# Amoretti Brothers copper cookware



## kobeamos12 (Nov 13, 2011)

Hi, I am wondering if anyone has tried Amoretti Brothers  copper cookware. I saw those pans at Dean & Deluca, they look gorgeous but I wonder if you had any review/suggestion to share. I would like to buy a set for my kitchen. Thanks


----------



## boar_d_laze (Feb 13, 2008)

Copper is beautiful. It takes more care than ordinary stainless. It's far more expensive than good stainless multi-ply, but doesn't really provide significant performance benefits.

A lot of copper users talk about its superior responsiveness. Maybe it would be in a kitchen universe where "everything else is equal." Unfortunately most of us don't cook there. Responsiveness depends on a lot of things including the weight and thickness of the copper, as well as the weight and thickness of the lining. A tin coating will be more responsive than a stainless liner.

Another putative benefit is copper's alleged ability to spread heat more efficiently and avoid hot spots. Compared to good multi-ply the superiority is highly overrated. With a little extra time spent on the preheat, the multi-ply won't be any more susceptible to hot spots than copper. FWIW, copper with a stainless insert will be very slightly better than tin-lined copper in this respect -- not enough to matter, though.

I don't have any direct experience with the Amoretti Brothers copper, but do notice that it's 2.5mm thick (more than adequate); and tin lined, as opposed to the more modern and more expensive stainless insert that's so popular now. My experience with tin-lined copper is that it's less expensive, lighter, doesn't need to be re-tinned often (once a decade maybe), and re-tinning is relatively inexpensive and convenient. At the end of the day though, many users would choose a stainless insert over a tin-coat for several reasons, including ding and warp resistance.

_Bottom line: If you buy copper, buy it for the beauty. It will cook very well but won't make you a better cook._

BDL

PS. We have a lot of Mauviel's "best" (i.e., most ridiculously expensive and heaviest!) stainless lined copper; and we have several pieces of tin-lined as well. I get a big kick out of making homey and familiar things in copper cookware. There's something very amusing about making barbecue sauce in a $400 pot.

Let them eat stainless!


----------



## kobeamos12 (Nov 13, 2011)

Thank you BDL, I think tin-lined is much more better looking than stainless steel, and if you think about beauty, I can totally agree with you! I also love the texture of the hand-hammered copper that Mauviel doesn't have so I will probably go with the Amoretti Brothers. Thanks and "good cooking"!


----------



## virgil (Jan 21, 2016)

I know this thread is old and I don't know what use this reply will have 4 years after the fact, but....here goes.

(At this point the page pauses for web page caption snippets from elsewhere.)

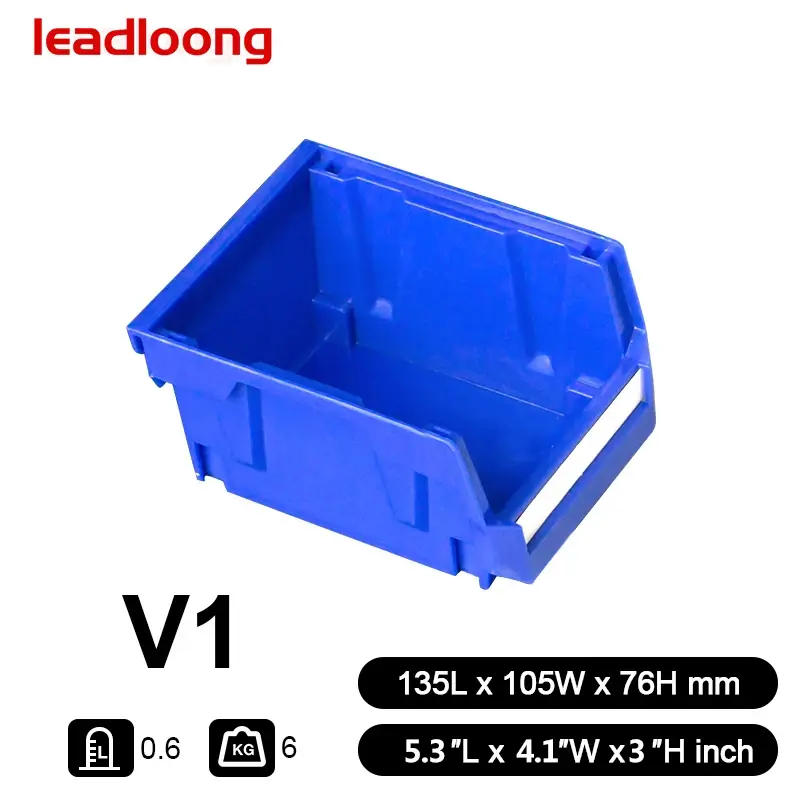 Pikkukuva: LEADLOONG Wall Mounted Stackable Storage Bins – Multi-Size Color-Coded Parts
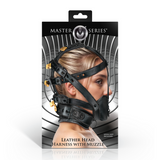 Kopf-Harness Leder mit Maulkorb Schwarz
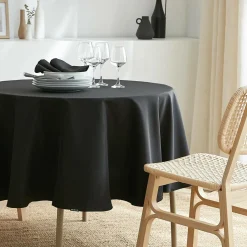 Serviette De Table|EMINZA Lot de 3 serviettes de table polyester (40 x 40 cm) Elise es Noir
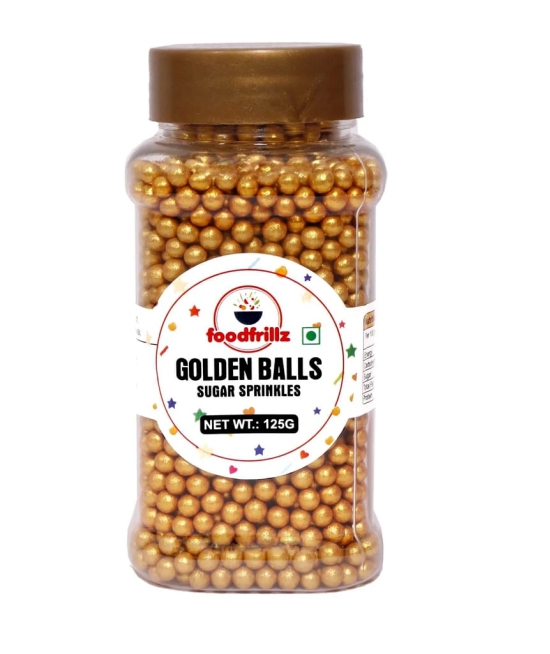 foodfrillz Golden Balls, 125 g Sprinkles for Cake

First, many thing in the culinary world, copper cookware is more a matter of personal preference than anything else.  As such, there are varying opinions about copper cookware that far exceed the number of facts.  That's because copper cookware is about as simple as cookware can get despite the skill and expense that goes into their creation.  As the old saying goes, "if something is repeated enough times, it starts to become fact."  That is what has happened to many opinions about copper cookware. 

I will try to separate some of the facts from the fiction.  Before I do, however, there are two schools when it comes to copper cookware: those that favor tin lined vs those who favor stainless steel lined. 

The facts common to both styles are:

1. They both are a beautiful edition to any kitchen

2. They both are excellent in terms of heat transference and precision temperature control (i.e. no hot spots)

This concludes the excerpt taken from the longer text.